Tuesday, July 05, 2022

Still Attempting Art

While I have no formal training in composition, style,color values, light balance...I do have some experience with these working with photography. So, I guess my desire to experiment, which cannot be subdued, makes me a bit of an artist. 

My flowers this year are extravagant.  I have upped the watering by 20 minutes and that has made the plants very happy.  Happy enough to begin to fight with each other for space.  Many of my plants are natives and they can usually outcompete the hyrids.

Below the first photo is monarda (beebalm) which with its square stem is related to the mint family, and most gardeners know how that goes!...and grows!  The next photos are all of my tiger lily which can spread as a non-native, but which I am pretty sure I can control.  It is very photographic or should that be photogenic?  I had fun with software changing, adding textures, and dodging and burning below.

Tuesday, June 28, 2022

Flower Painting

Once again I am hiding out from the heat and playing with software, hardware, and my photos.  You can click for closeups.

Sunday, June 26, 2022

Painting Daylilies

I got a new, larger monitor. I have always had two monitors, but one of them which is decades old stopped working. I went to the computer store and ordered the smallest size monitor with a high resolution. It is really very large compared to my other monitors. It took me some time to set up although I was told it would be easy. Anyway, I still have to work out the drag and drop from an ASUS monitor to an HP! But I certainly am seeing my photos in a new and better light. Having fun with photo-painting my daylilies below:

Saturday, June 18, 2022

Throwing LIght

I find that I am more tired these days and I am blaming it on the heat. I also seem to have an appetite at any time of the day.  I have not yet figured out what to blame that on, but I do know as you age Doctors would rather you have an appetite than be off your food.  Well, this has nothing to do with the post below, except that I find it harder to leave the house when I have free time and I can nap or eat!
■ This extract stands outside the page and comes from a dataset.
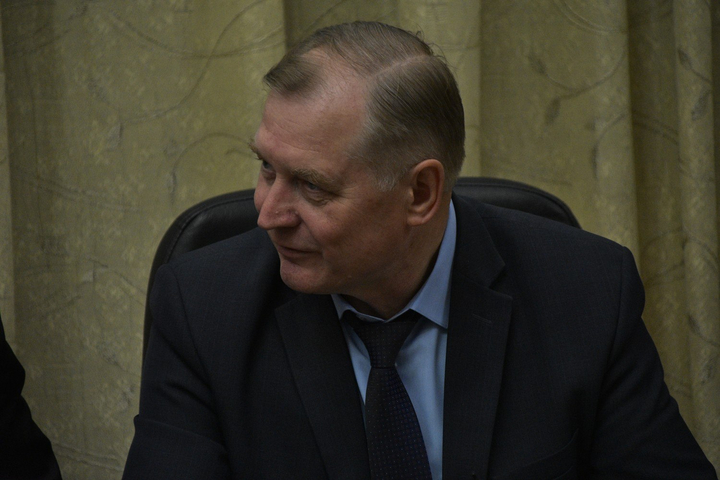 Начальник управления обеспечения безопасности жизнедеятельности населения правительства Саратовской области Николай Колесников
Below are some fun photos of flowers.  I have gotten tired of taking traditional photos.  I also am trying to get my body to move outside at better times of the day and bring along my camera knowing that my best photos are often the unexpected.  I do not have the patience of a good photographer.  I will adjust or move two or three times and then just snap.  I must admit I really should replace my tripod which broke a few years ago!

The first are just flower shots one of which I photoshopped to look like a painting.  The last two happened because I got up and caught the light.

Wednesday, June 15, 2022

Is It Too Hot for Baby Bunnies?

My husband had decided that we need to leave larger patches of clover in our lawn for pollinators.   Lawns are now considered food deserts for all the necessary insects in our lives.  It also means less lawn to mow.
This spring I have found a new visitor hanging out in both the front and back yards, and I am sure it is due to the patches of clover.  All of these photos were taken from our bay window...which needs washing.  I was also handholding my telephoto.


I went outside to see if I could get closer but...Above---now you see me, now you don't!

I went back inside and the skies opened up in torrential rains. As the rains diminished later in the afternoon my interloper hopper returned.   I watched from the window as he/she began to nip at my pink muhly grass---newly planted this spring.  At first, I was dismayed but saw that he/she was only removing the dried grasses at the base and not destroying the plant.

He/She disappeared into one of the patches of clover. Nest building?? You can barely see the ears and the clover is not that high.  It must be a 'she'.  But she does not look pregnant.

The rabbit left after a while and I went outside to inspect the handwork the next morning.  There was a flat plop of some gooey mud and then a very tight ball of the dried grasses nearby.  When I gently lifted the ball there was a small hole in the ground.  OK, time for some research because I have no idea what that mud patch is?

I will not write about how cute baby bunnies are and how destructive.